» Required work
For the listing below, return the line containing "Зеркало боковое Skoda YETI 2015", the line containing "Image of Front", and all lines in between, exactly as written and nothing else.

» Source data
****************

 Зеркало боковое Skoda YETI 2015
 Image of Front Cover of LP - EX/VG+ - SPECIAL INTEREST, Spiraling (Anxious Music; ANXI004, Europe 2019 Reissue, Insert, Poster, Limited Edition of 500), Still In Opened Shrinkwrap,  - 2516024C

****************

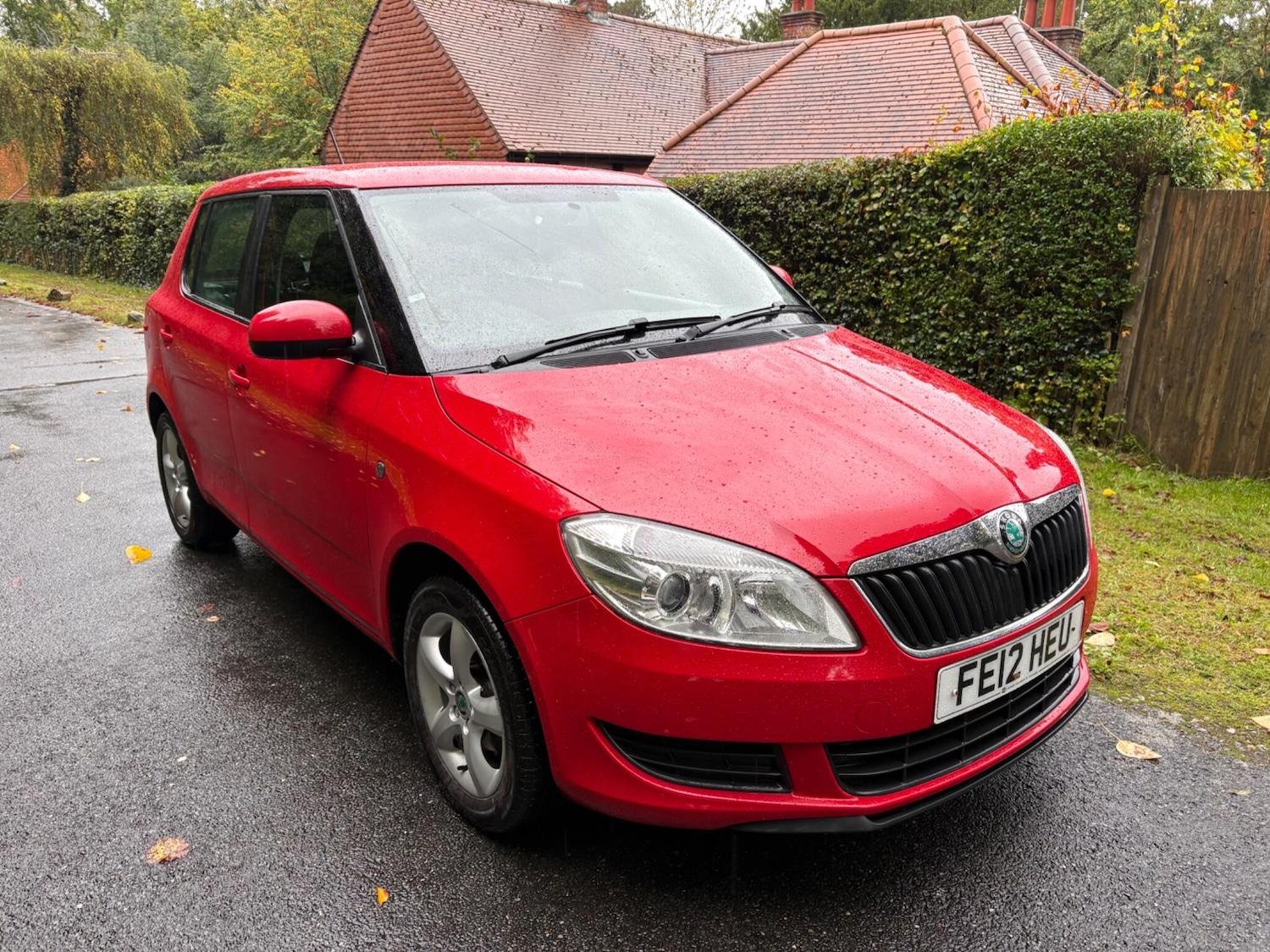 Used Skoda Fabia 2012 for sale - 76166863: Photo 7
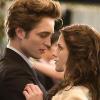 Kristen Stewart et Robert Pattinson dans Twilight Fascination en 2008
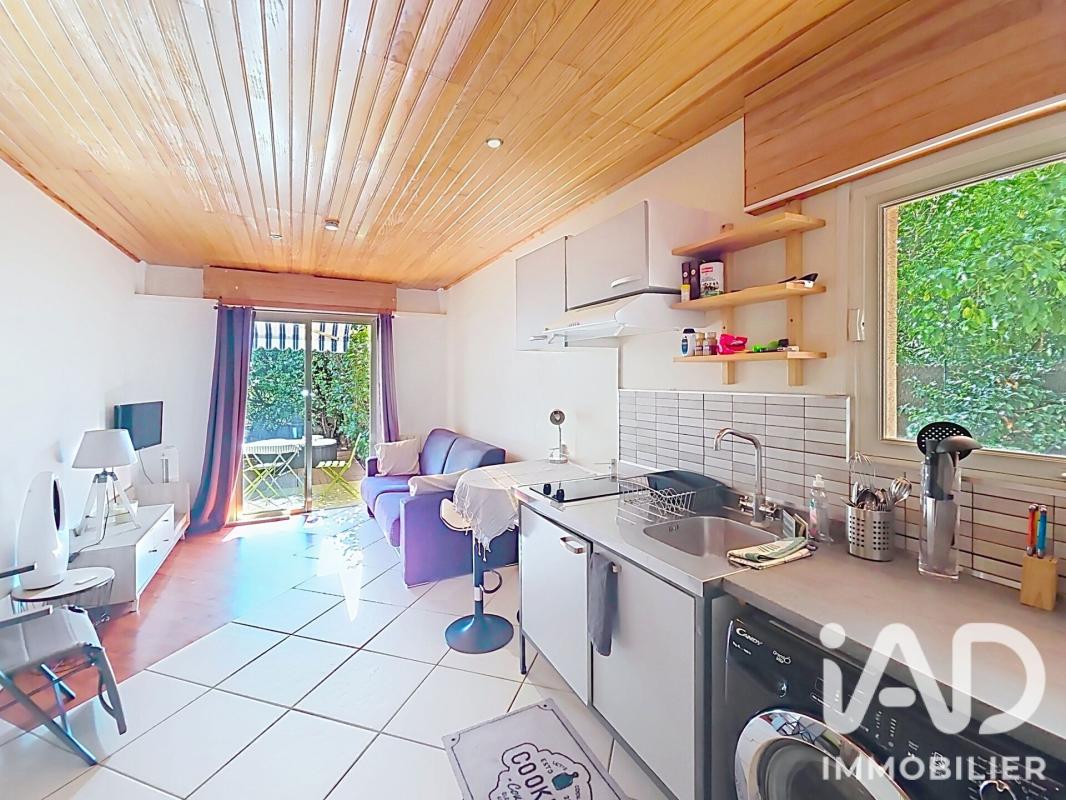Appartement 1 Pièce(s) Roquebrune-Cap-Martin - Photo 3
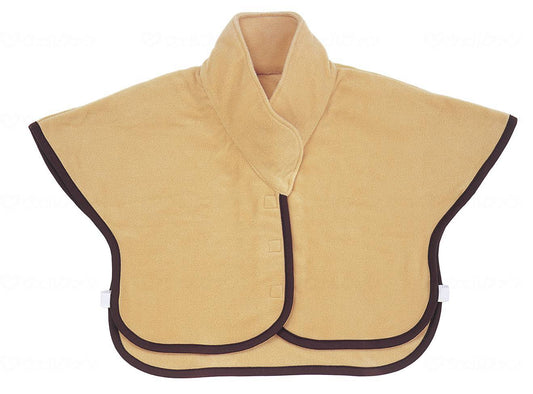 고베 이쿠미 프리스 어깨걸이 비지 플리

****************

» Solution for this exercise
 Зеркало боковое Skoda YETI 2015
 Image of Front Cover of LP - EX/VG+ - SPECIAL INTEREST, Spiraling (Anxious Music; ANXI004, Europe 2019 Reissue, Insert, Poster, Limited Edition of 500), Still In Opened Shrinkwrap,  - 2516024C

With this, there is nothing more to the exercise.